25.8.20

De New York à Beyrouth


En rentrant hier soir de nos quelques jours de vacances à Cape Cod, nous avons renversé et brisé un gros bocal de verre sur l’entrée le perron de notre maison à Manhattan.


C’est pourquoi je me retrouvai avec un balai à épousseter et enlever les éclats de verre clairsemés devant la maison, dans la chaleur étouffante des soirées d’été new-yorkaises, assailli par quelques moustiques voraces. Et dans cet épisode si futile, je ne pus m’empêcher de penser à ce qu’ont vécu mes compatriotes libanais en cet effroyable mois d’août, nettoyant le verre et les autres débris de leurs maisons soufflées par l’explosion du port, et cela pendant de longues heures et dans la chaleur humide de Beyrouth. Dix minutes à peine  désagréables pour moi contre des journées entières de nettoyage et de réparations pour eux. Un incident sans aucune gravité ici contre une apocalypse là-bas avec ses cortèges de morts, disparus et blessés. Ces Beyrouthins terrassés sont les victimes d’un État failli; leurs économies sont inaccessibles, leur devise n’achète plus rien et une simple vitre en ville ne peut plus être dénichée qu’en échange de billets verts.

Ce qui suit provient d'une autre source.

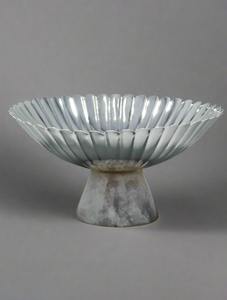 Bol décoratif élégant fait à la main, pièce maîtresse pour le salon, la table à manger, la cuisine ou le bureau, accent pour la maison - Product Image 4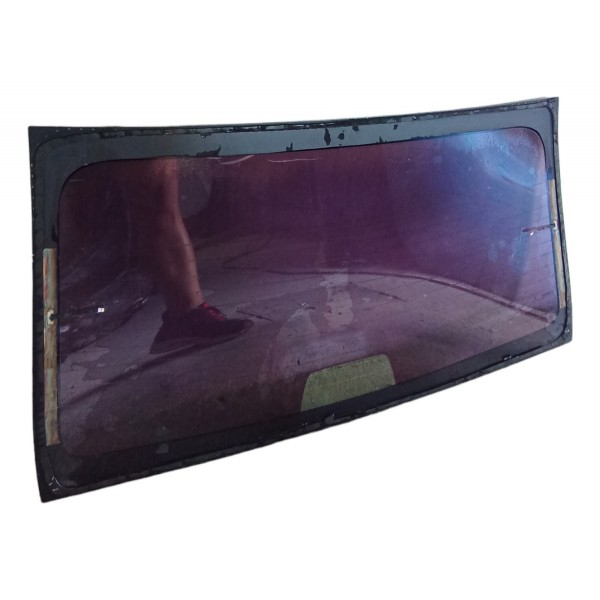 Vidro Traseiro Vigia Renault Logan 2013 2014 2015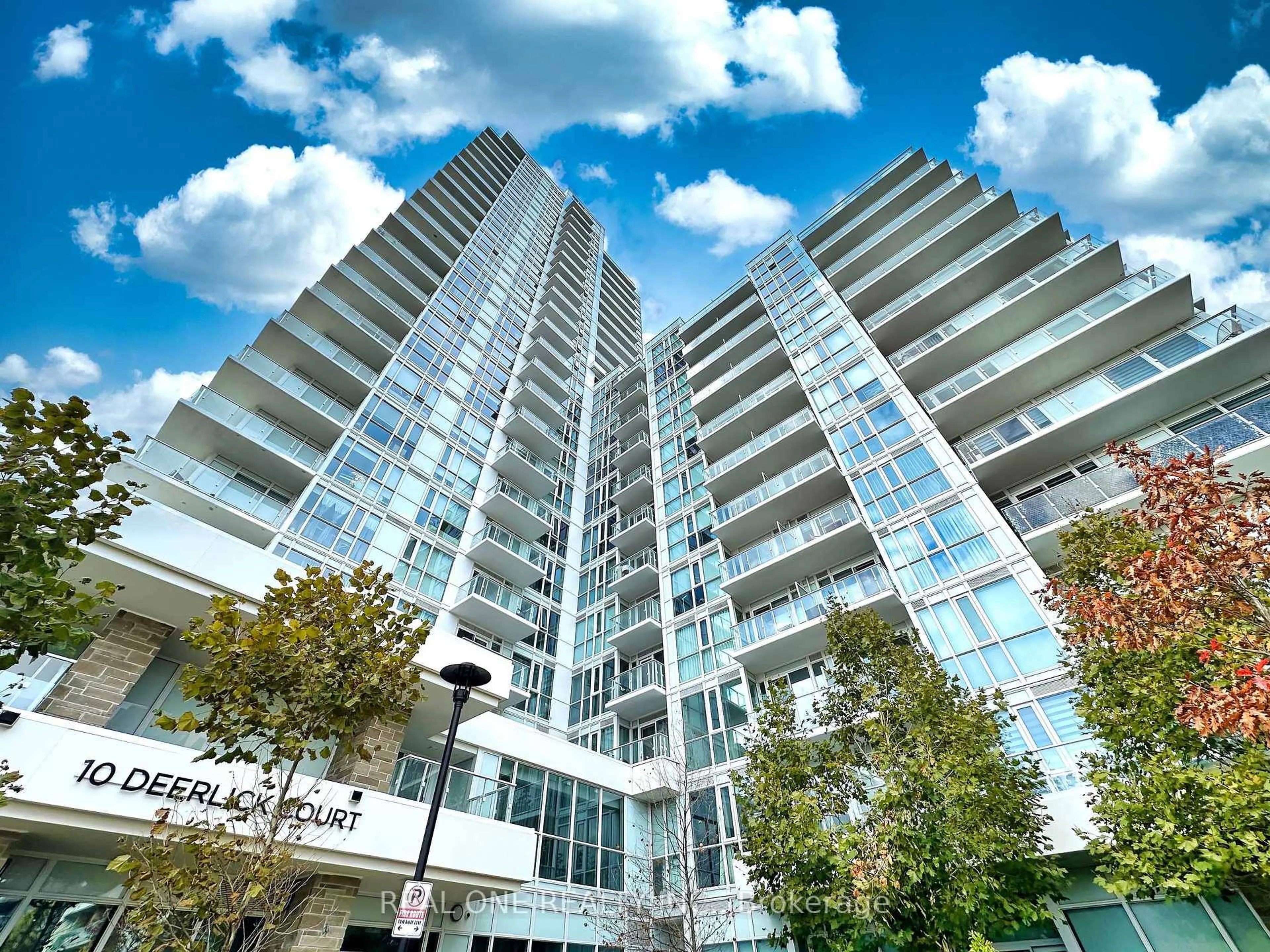 Unknown for 10 Deerlick Crt #817, Toronto Ontario M3A 0A7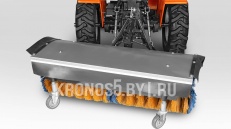 «Щётка подметальная Scout | Скаут SX-140 (1,4м)» - фото 8 «Щётка подметальная Scout | Скаут SX-140 (1,4м)» - фото 8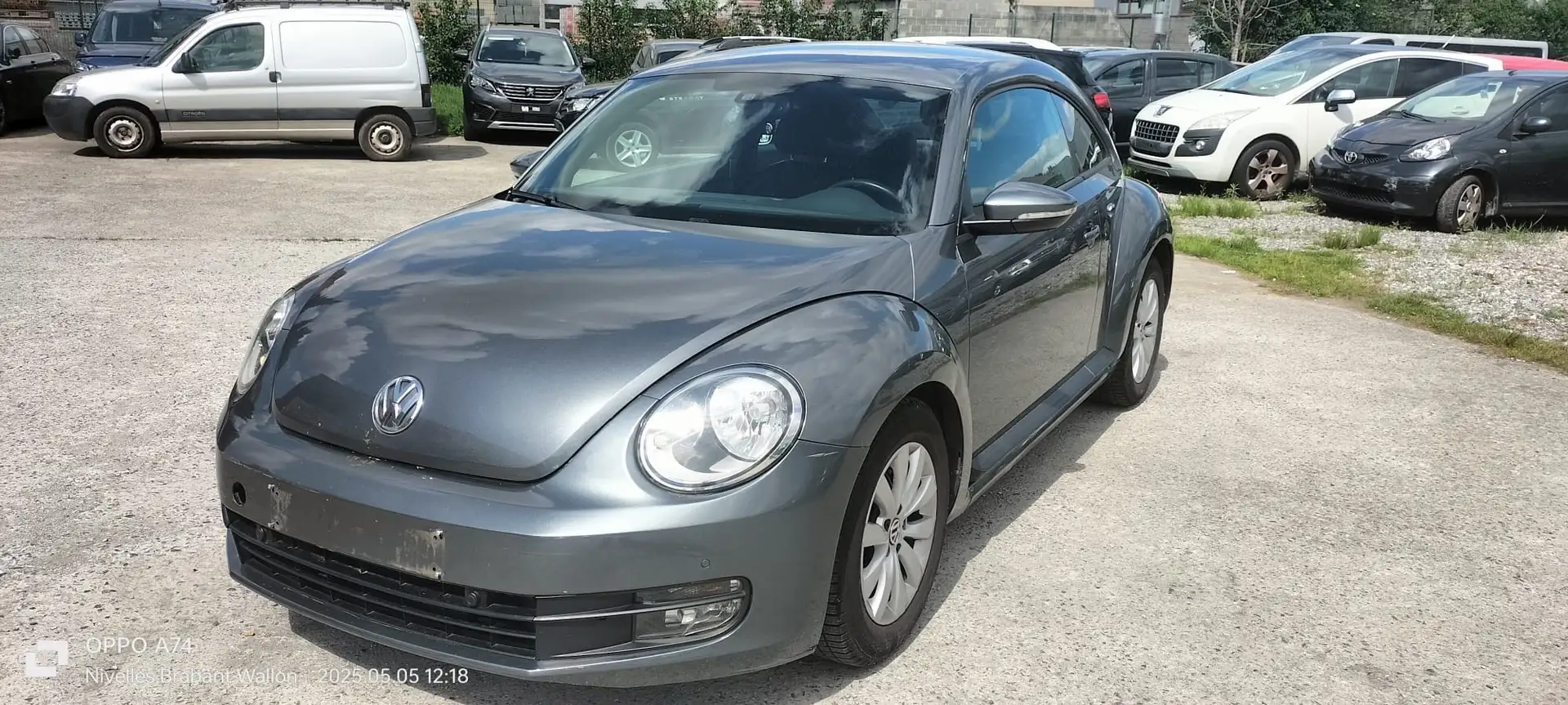 Volkswagen Beetle 1.2 TSI - 2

Tout cela a de quoi me faire admirer leur courage de rester debout dans ce pays qui n’en finit pas de les maltraiter. De quoi m’encourager dans cette petite levée de fonds initiée avec mes enfants et dédiée à nos belles maisons traditionnelles, reliques si fragiles d’une civilisation perdue. Et de quoi m’émouvoir et me mettre en colère à la fois, surtout quand je fais la connaissance de ces familles au téléphone pour comprendre leur situation et que j’entends l’accent levantin si familier dans leurs voix brisées par ce désastre.


Ces bâtisses anciennes, nous ne savions pas vraiment les apprécier. Nous les maltraitions. Tout comme nos dirigeants ineptes et incompétents. Moi-même enfant  dans ce vieux Beyrouth, je les trouvais vieillottes et délabrées et leur préférais bêtement les immeubles modernes de verre et d’aluminium. Je ne savais pas encore que ce décor était le cœur-même de mon pays, fragile mais encore battant, l’âme piétinée, ottomane, italienne ou française, de cette ville. Ces vieilles maisons  sont désormais telles des victimes sur des brancards, défilant devant mes yeux par flopées, ravagées, déchiquetées, oblitérées par la stupidité meurtrière de cet incorrigible Orient. 


Alors de cette vieille brownstone new-yorkaise où j’habite, je rêve que nous puissions sauver les maisons de ces familles qui nous ont contactés. La tâche devant nous est noble et immense à la fois.